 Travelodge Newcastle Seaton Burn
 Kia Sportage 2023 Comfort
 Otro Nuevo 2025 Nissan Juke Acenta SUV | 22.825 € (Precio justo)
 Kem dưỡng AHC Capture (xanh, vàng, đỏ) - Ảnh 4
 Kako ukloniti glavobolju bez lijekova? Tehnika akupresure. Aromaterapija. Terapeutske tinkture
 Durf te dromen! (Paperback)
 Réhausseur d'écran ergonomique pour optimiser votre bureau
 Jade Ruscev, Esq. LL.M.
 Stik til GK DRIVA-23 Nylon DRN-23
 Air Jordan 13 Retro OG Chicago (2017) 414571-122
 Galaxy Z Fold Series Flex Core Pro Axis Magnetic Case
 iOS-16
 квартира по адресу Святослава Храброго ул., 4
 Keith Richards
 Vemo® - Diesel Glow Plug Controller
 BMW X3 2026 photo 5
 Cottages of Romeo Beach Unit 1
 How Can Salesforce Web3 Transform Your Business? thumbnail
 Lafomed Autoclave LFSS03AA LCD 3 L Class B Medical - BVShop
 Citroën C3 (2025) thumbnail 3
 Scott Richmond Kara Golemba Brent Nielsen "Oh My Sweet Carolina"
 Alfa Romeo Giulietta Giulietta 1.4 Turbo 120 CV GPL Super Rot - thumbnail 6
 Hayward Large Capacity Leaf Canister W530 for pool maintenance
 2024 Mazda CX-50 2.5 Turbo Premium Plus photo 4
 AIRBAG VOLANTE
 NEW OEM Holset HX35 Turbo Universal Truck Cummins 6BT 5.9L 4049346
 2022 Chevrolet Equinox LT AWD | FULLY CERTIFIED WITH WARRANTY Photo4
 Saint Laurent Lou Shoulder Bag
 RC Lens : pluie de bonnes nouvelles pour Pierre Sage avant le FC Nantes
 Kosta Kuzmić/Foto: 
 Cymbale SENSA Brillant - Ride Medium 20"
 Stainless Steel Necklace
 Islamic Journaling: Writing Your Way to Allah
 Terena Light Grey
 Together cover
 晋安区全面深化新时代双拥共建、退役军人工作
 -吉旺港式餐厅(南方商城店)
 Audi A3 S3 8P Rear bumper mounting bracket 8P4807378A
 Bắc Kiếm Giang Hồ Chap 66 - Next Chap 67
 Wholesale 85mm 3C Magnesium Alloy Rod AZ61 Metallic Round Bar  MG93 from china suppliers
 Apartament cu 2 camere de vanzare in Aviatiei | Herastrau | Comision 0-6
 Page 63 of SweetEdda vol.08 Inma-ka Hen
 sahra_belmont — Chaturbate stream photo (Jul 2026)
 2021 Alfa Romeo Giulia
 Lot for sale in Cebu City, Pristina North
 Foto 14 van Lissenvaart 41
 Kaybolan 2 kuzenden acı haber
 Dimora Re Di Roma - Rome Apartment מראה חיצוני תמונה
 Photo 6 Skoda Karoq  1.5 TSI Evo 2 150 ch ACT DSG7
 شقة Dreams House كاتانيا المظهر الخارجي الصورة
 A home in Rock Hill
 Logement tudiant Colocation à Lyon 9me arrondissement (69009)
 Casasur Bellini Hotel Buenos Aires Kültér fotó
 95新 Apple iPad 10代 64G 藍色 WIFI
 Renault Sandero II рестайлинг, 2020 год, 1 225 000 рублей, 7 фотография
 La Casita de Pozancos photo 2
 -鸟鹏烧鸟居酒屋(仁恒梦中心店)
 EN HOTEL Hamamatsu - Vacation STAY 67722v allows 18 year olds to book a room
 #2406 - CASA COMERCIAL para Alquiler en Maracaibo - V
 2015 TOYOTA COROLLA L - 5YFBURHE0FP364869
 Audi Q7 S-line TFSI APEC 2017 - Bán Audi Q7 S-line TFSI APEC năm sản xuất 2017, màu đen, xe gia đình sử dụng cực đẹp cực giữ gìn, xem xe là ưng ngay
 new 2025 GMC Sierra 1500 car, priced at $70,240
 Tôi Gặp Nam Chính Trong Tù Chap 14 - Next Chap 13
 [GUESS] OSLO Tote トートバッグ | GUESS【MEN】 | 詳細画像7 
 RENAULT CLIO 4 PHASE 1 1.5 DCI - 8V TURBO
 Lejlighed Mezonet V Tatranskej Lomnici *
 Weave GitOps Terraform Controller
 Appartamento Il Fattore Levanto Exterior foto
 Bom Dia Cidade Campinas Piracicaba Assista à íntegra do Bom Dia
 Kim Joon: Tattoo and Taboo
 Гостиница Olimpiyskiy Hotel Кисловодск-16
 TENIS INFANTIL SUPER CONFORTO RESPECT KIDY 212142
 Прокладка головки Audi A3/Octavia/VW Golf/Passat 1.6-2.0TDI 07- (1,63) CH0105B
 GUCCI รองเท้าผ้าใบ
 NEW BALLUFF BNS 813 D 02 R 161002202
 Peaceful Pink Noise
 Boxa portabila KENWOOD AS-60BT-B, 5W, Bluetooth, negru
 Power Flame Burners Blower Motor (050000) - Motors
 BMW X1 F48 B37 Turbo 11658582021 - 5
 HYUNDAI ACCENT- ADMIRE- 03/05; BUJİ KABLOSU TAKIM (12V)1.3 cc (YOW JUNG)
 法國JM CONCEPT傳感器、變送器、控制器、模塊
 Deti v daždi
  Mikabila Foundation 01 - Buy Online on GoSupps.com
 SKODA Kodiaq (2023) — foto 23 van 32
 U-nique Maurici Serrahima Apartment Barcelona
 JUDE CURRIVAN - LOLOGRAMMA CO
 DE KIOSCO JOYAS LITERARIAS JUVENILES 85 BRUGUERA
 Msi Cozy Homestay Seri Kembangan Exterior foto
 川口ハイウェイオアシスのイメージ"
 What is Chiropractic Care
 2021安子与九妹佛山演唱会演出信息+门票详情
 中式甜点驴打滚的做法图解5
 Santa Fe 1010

Exercise directions
Among the records, find every line holding the word "Chap" and copy it.

Answer section
 Bắc Kiếm Giang Hồ Chap 66 - Next Chap 67
 Tôi Gặp Nam Chính Trong Tù Chap 14 - Next Chap 13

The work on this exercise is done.